Inconsistencies in the GTDB taxonomy
Thanks for putting HumGut up online!
I find some inconsistencies in the GTDB taxonomy names when comparing to the taxononmy names in the GTDB 226.0 release.
I find 3294 unique bacteria names in the HumGut.tsv file (gtdbtk_taxonomy column). I manage to match only 1918 of these into the most recent GTDB release. Which GTDB release are the names in the HumGut.tsv based on?
The version you find here is based on the 2.14 release of GTDB. I have updated this to the 2.20 release, but I have it only on our HPC. I haven't had time to update with the latest 2.26 release from this year yet. Maybe I will find time for that this summer.
Many thanks @larssnip, I'll use that version for my mapping.
There are also some (500) rows in the tsv file that is missing the species in the gtdbtk_taxonomy column (the string id ends on ";s__"). Am I right in assuming that you didn't manage to fully identify the gtdb taxo or is there another reason?

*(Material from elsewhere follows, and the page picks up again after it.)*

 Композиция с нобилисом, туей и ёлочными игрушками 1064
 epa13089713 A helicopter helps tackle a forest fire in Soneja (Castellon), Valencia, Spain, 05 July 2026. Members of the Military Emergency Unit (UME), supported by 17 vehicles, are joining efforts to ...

Yes, this is standard output from GTDBTk that we used to classify. Some taxa are of a species not within the reach of the GTDB taxonomy and are only classified down to the genus, or even higher up in the hierarchy.
I started the work on updating this GitHub site yesterday. It will take many days. We have a HumGut 2.0 version with slightly more genomes, and I will now add the GTDB 2.26 taxonomy and then put this our here. We will no longer support the NCBI taxonomy, since there are too many differences now to make it worth while.
That is great to hear @larssnip.'
Would it be possible to get access to the metadata file for HumGut 2.0 even if it only maps to the gtdb 2.20?
I just want to mention that I have now uploaded a new version of HumGut, the HumGut2. It is only a smallish extension of the genome collection, but the taxonomy has now been upgraded to the GTDB release 2.26 (april 2025).
We have now omitted the NCBI taxonomy of the HumGut genomes, but in the GTDB_names.dmp and GTDB_nodes.dmp the full NCBI Taxonomy for all non-prokaryotic taxa are included. Thus, you can now use this to build kraken2 databases where you use HumGut together with libraries for human, fungi, viruses etc.